Essentially, it happens whenever they encounter a situation where a certain function could be useful or when a feature activates automatically for the first time.

This includes:

  • Suggesting to use cruise control and explaining how it works when the system deems it appropriate;
  • Suggesting to use the parking assistant when the system detects that the driver is about to park;
  • Explaining the vehicle’s eco features when they activate;
  • Explaining the BSM feature when the system first notices an object in the driver’s blind spot;
  • Explaining the automated high beams system when they are turned on;
  • Explaining the auto brake feature when it activates.
contextual tips

The driver can also receive alerts. For instance:

  • When the vehicle loses some pressure in one of its tires, the assistant suggests the driver stops the car as soon as they can and checks the wheels. It also points to the nearest maintenance service.
  • Similarly, the assistant suggests stopping and checking the car if the system detects an engine problem. In that case, the driver is once again pointed to the nearest repair shop.
  • The assistant alerts the driver when the vehicle is low on fuel. It states the type of fuel the vehicle uses, where the tank is located, and how to open it.
  • If the trip goes on long enough and the system detects a change in the driver’s behaviour, the voice assistant suggests that they take a rest stop.

A text-based guide

The driver has the option to read about all of the vehicle’s features in the form of a simplified manual. The information is segmented into small chunks, making it easy to take in and remember. As a result, the driver can learn about their new car before picking it up. It’s very useful for car rentals in particular. Let’s say the driver is travelling to a different country by plane.

They’ve rented a car in advance and they are planning to pick it up at the airport. So instead of wasting their time poking around the salon after they board the vehicle, the driver can simply open the app and learn all about its functionality while still in transit.

mobile guide
Development

Going beyond the limits

The development was done over the course of 2 months by a team consisting of: a UX/UI designer, a Hardware and ML specialist, an iOS developer, an Android Automotive OS developer, a Tech Lead / CTO, and a PM. Like any complex software development project, building the IVO system presented several challenges.

Version restrictions

Another issue was in the fact that not all devices run the full version of the Android Automotive OS. This means some AAOS systems do not have access to the playstore and have a limited pool of features. So while the IVO system could be emulated using a full version of AAOS, the demo device only ran a restricted one.
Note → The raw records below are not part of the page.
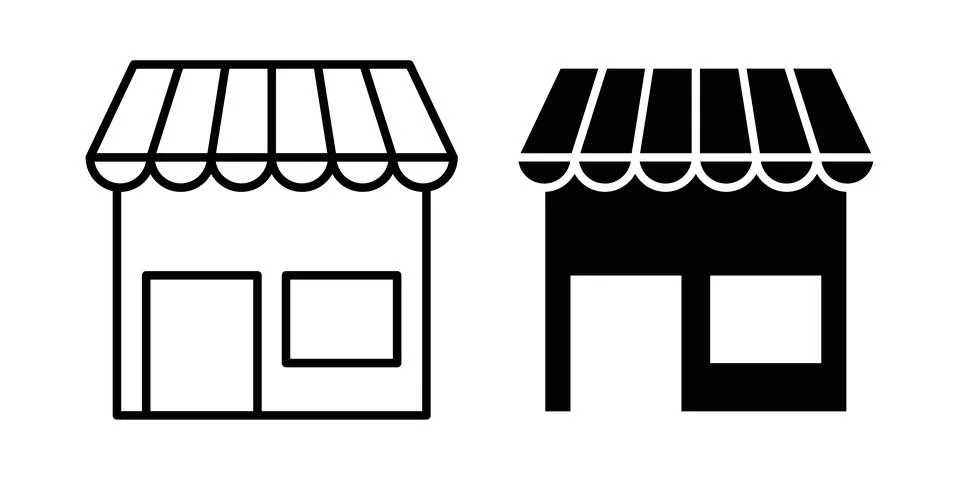 Store icon thin line and clipart style vector set Stock Illustration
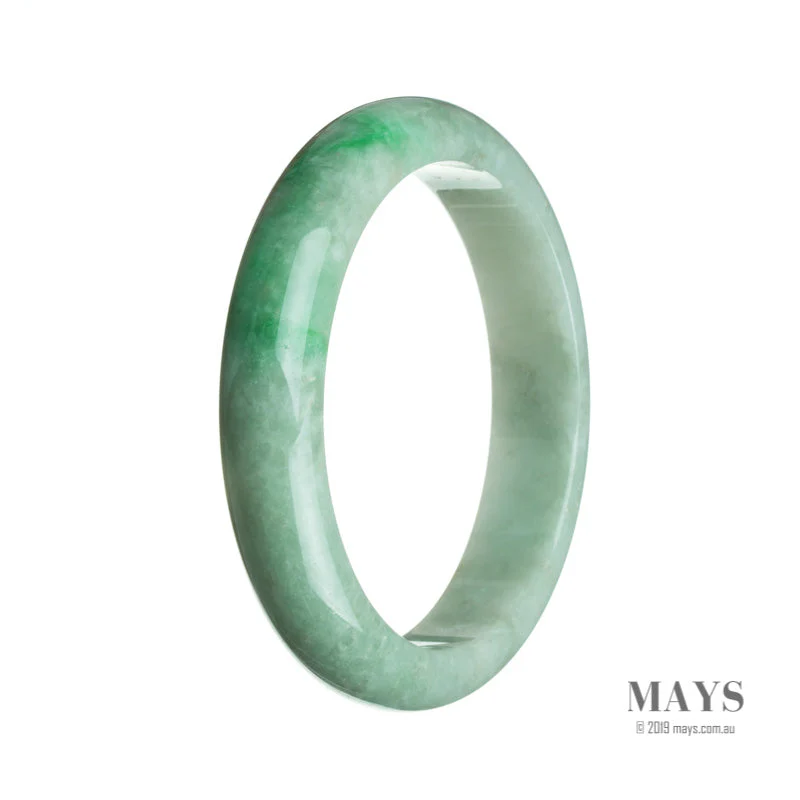 Real Grade A White with green Burma Jade Bracelet - 64mm Half Moon - Image 3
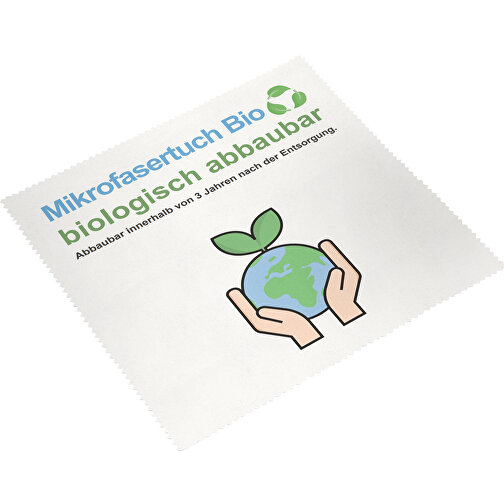 Biodegradowalna sciereczka z mikrofibry 20 x 20 cm, w przezroczystym etui ochronnym z rzepem, Obraz 3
This meant we had to compromise on some design decisions. For example, the restricted version didn’t have any voice recognition features available. After a fruitless search for voice processing tools, drivers, and libraries we could possibly implement, we’ve decided to keep the voice guide in the form of automatic audio messages.

Machine learning

Fully implementing the machine learning technology was a challenge in its own right. A lot of effort went into preparing the dataset, as well as the process of developing and teaching the ML model.

Android Automotive OS support

The lack of large community support and up-to-date documentation about Android Automotive OS made the initial development much harder. The official manuals for the OS were quite old, so not all of the information provided in them was still relevant or very well organised.

Google guidelines

Google is very meticulous about what can and cannot go into an automotive app. This is understandable, of course, as no interface elements or features should distract the driver from the road. That’s why Google recommends using their special Car Library to develop UIs.

Emulation and CAN-bus

We had to use a Raspberry Pi4 with a 10-inch display running AAOS 11. Installing the system on both devices took some work, but in the end, it was a success. Finally, to emulate a CAN-bus, the engineers have combined a Raspberry 3 tablet and a CAN board into a single system with some additional coding.

Results

A grand reveal

The Bamboo Apps team has successfully developed a demo of the IVO system. The software was presented for the first time at GITEX 2022, UAE, Dubai, on 10-14 Oct.